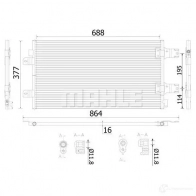 Радиатор кондиционера MAHLE ORIGINAL RMQFJ WP AC 906 000S 1437584310 - Изображение 2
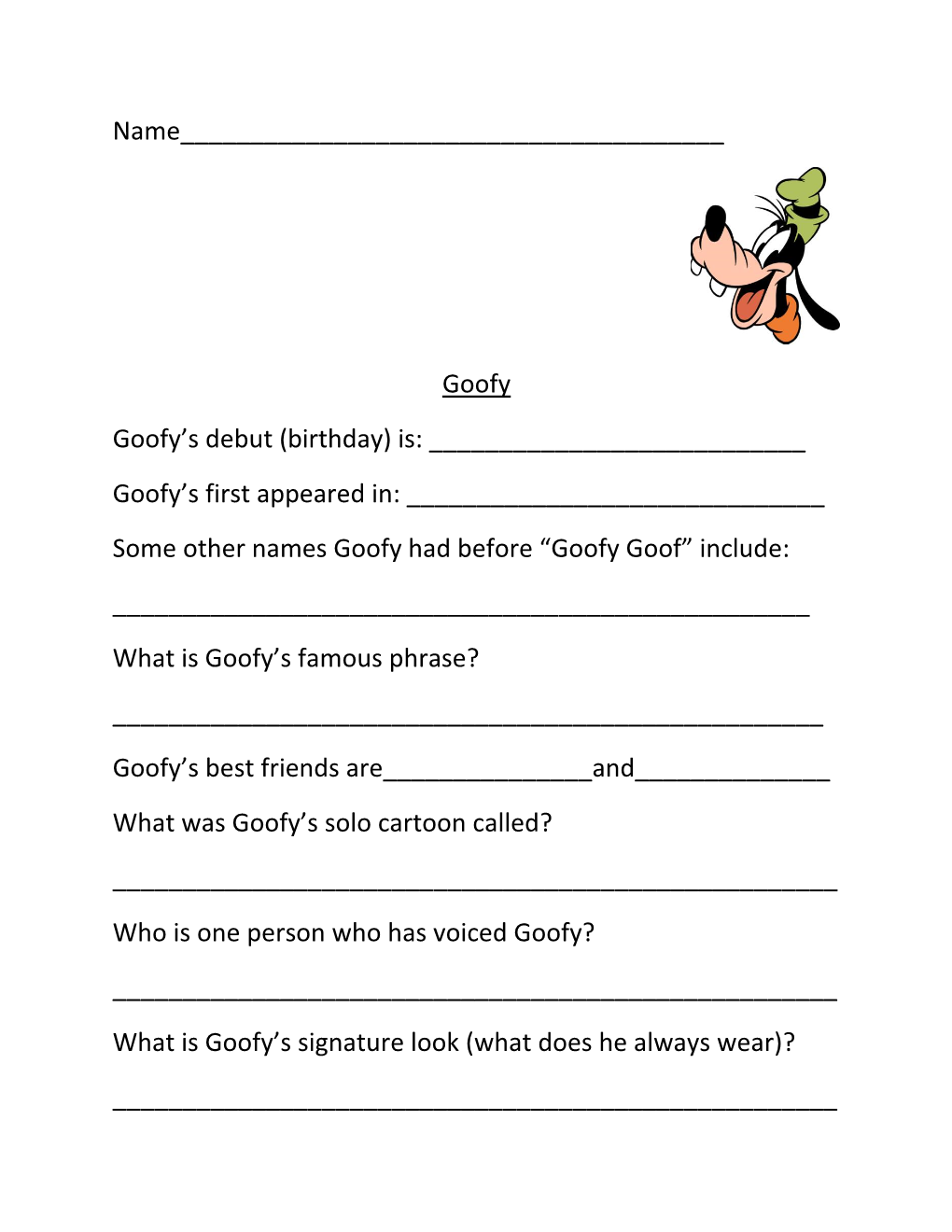 Goofy's First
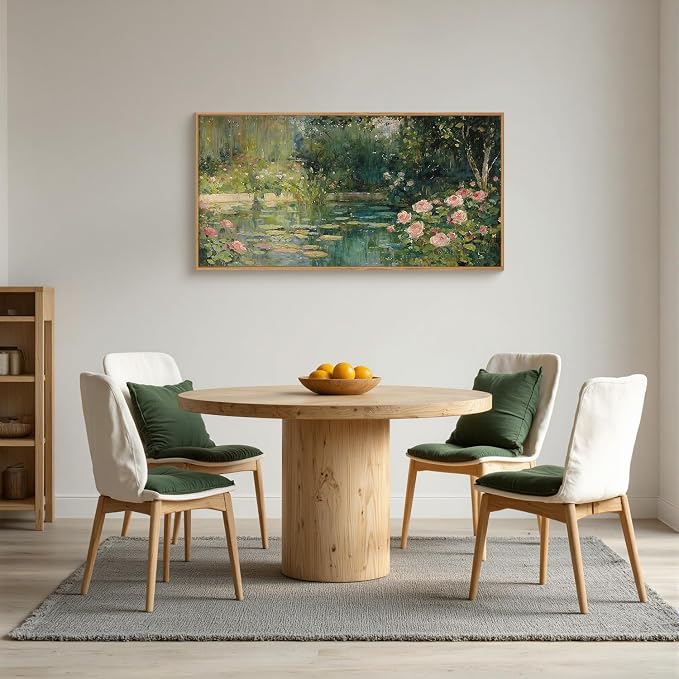 FWIEXA Monet Floral Framed Canvas Wall Art Set, Impressionist Botanical Garden Wall Decor, Vintage Ponds Tree Plant Artwork, Nature Landscape Prints, 20x40 Inches Pictures for for Living Room, Bedroom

# Exercise instructions
No pictures should appear in the copy. Reproduce exactly the lines from the line containing "Goofy's First" through the last line of the data, inclusive.

# Output for this task
 Goofy's First
 FWIEXA Monet Floral Framed Canvas Wall Art Set, Impressionist Botanical Garden Wall Decor, Vintage Ponds Tree Plant Artwork, Nature Landscape Prints, 20x40 Inches Pictures for for Living Room, Bedroom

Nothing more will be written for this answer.